● WORK INSTRUCTIONS
Leaving the pictures aside, reproduce the data in full and word for word.

● GIVEN DATA
◇ ◇ ◇ ◇ ◇

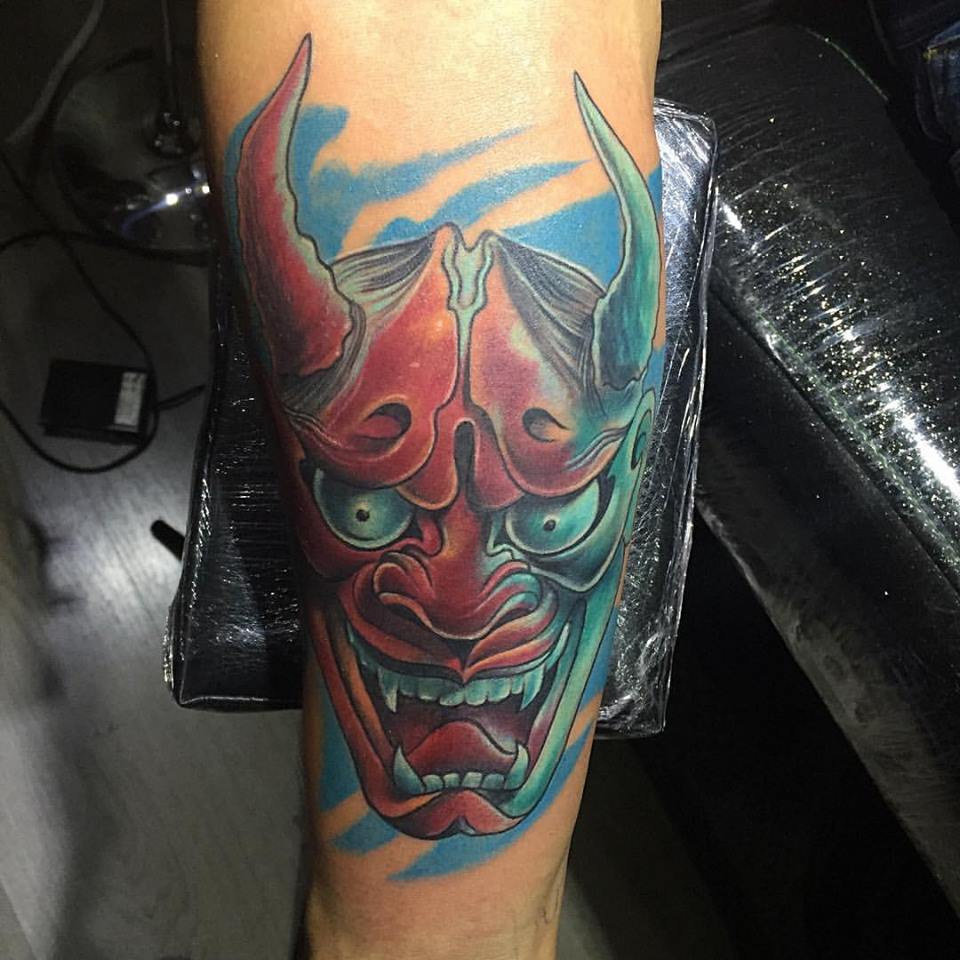 ExoticTattooMed's tweet image. #HannyaMask, full color de la mano de Andrés Rodas! #ExoticStyle #ExoticTattoo #MedellinTattoo #TatuajesMedellin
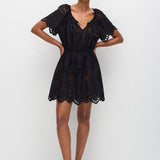 Broderie Scoop Mini Dress - Black
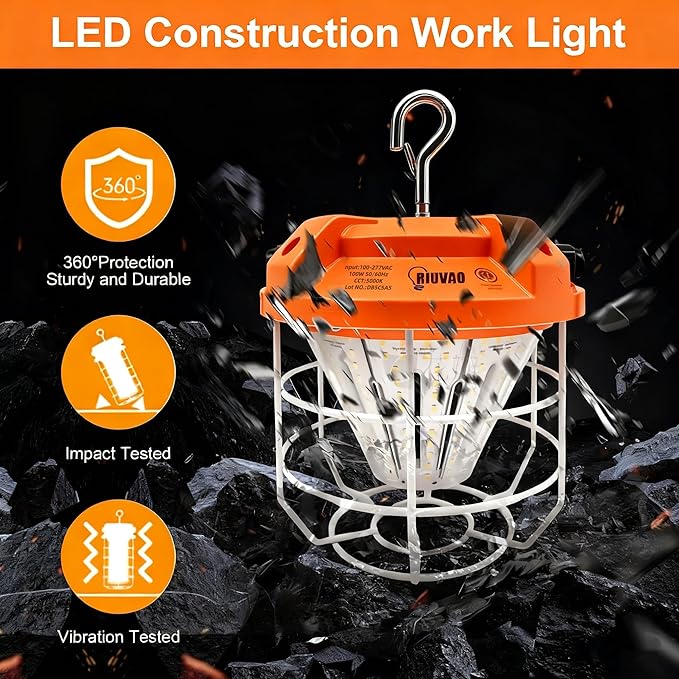 LED Temporary Work Light 100W15000Lm, 5000K Daylight White, Portable High Bay Light with Hook, Indoor Outdoor Area Lighting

◇ ◇ ◇ ◇ ◇

● RESPONSE BELOW
 ExoticTattooMed's tweet image. #HannyaMask, full color de la mano de Andrés Rodas! #ExoticStyle #ExoticTattoo #MedellinTattoo #TatuajesMedellin
 Broderie Scoop Mini Dress - Black
 LED Temporary Work Light 100W15000Lm, 5000K Daylight White, Portable High Bay Light with Hook, Indoor Outdoor Area Lighting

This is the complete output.